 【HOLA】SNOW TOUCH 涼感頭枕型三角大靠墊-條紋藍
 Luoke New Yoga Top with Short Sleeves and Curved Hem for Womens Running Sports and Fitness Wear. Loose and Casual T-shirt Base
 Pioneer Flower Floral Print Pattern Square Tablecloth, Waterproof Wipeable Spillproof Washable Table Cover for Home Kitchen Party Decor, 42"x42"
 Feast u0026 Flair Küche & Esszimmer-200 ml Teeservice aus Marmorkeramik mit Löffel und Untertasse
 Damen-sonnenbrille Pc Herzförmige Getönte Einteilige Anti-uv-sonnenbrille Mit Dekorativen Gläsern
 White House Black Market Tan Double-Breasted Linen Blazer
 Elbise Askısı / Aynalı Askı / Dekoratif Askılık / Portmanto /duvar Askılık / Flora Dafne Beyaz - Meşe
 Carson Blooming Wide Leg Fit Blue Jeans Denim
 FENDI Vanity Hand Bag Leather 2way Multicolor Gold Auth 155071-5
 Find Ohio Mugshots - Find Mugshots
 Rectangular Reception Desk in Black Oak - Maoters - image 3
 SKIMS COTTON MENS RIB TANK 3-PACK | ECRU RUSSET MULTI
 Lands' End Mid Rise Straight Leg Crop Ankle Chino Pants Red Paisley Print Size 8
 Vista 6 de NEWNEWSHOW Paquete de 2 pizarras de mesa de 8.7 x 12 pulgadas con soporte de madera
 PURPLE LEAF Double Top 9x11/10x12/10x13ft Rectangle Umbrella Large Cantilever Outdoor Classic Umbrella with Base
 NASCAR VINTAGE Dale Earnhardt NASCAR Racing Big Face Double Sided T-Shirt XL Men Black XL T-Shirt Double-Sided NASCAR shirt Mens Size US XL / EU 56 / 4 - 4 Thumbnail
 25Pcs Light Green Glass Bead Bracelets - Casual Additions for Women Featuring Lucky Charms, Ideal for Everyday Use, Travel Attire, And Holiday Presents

● ● ● ● ● ● ●

• [Work item]:
Search the entries above for "Size". Return every line that has it.

• [Answer to this exercise]:
 Lands' End Mid Rise Straight Leg Crop Ankle Chino Pants Red Paisley Print Size 8
 NASCAR VINTAGE Dale Earnhardt NASCAR Racing Big Face Double Sided T-Shirt XL Men Black XL T-Shirt Double-Sided NASCAR shirt Mens Size US XL / EU 56 / 4 - 4 Thumbnail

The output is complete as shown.